Königsalle’den sonra Ren Nehri’ne doğru yürüdüğünüzde o küçük alana sıkışan tarihi kent merkezine ulaşmış olacaksınız. Bu iki yer arasındaki mesafe oldukça yakın.
Ren Nehri kenarındaki tarihi kent merkezinin Markplatz tarafında (yakınında) Stadtmuseum Düsseldorf (Kent Müzesi), Filmmuseum Düsseldorf (Film Müzzesi) gibi müzeler var. Yine meyve, sebze, şarküteri ağırlıklı olmak üzere kurulan bir pazaryeri (Carlsplatz) de burada yer alıyor.

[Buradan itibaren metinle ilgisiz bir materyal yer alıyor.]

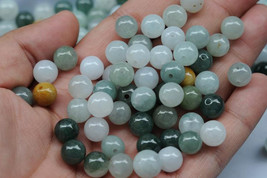Free Shipping -   8mm Jadeite Jade Colorful beads  Grade AAA  Natural Jade - £31.55 GBP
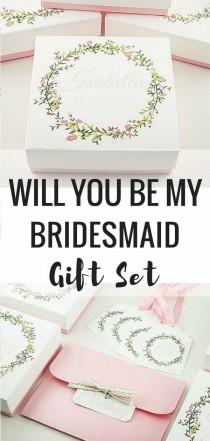 wedding photo - Will You Be My Bridesmaid Gift Set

Yine tarihi kent merkezinin Burgplatz tarafında (yakınında) şehirdeki iki büyük sanat galerisi Kunstverein ve Kunstsammlung ile şimdi otel olarak kullanılan ancak eskiden mahkeme binası olan güzel bir bina yer alıyor.
Ancak asıl gezilmesi gereken kısım bunların biraz ilerisindeki Markplatz ve Burgplatz isimli meydanlar.
Markplatz isimli şehrin ana merkezini oluşturan bu meydanda, şehrin önemli yapılarından biri olan ve tarihi 1570’e dayanan Belediye Binası ile meydana 1703 tarihinde dikilen eski hükümdarlardan Jan Wellem heykeli bulunuyor.
Eskiden pazaryeri olarak da kullanılan bu meydan daha sonra bu pazarın kalıcı olan yerine Carlsplatz’a taşınması sebebiyle artık böyle bir işlev görmüyor. Ancak Noel pazarı Burgplatz ile birlikte bu meydanda kuruluyor ve ayrıca haftada bir de turistik olarak pazar kuruluyormuş. Bazı festivaller de bu meydanda yapılıyormuş.
Burgplatz ise Markplatz’ın hemen yanı başında Noel pazarının da kurulduğu, tarihi kent merkezinde yer alan güzel ve her saat kalabalık bir meydan. Özellikle akşamüzeri burada yer alan merdivenlere oturup insanlar Ren Nehri manzarasıyla gün batımını izliyorlar. Bu merdivenlerin hemen arkasında Schlossturm isimli geçmişi (ilk üç katı) 13. yüzyıla kadar dayanan bir kule bulunuyor.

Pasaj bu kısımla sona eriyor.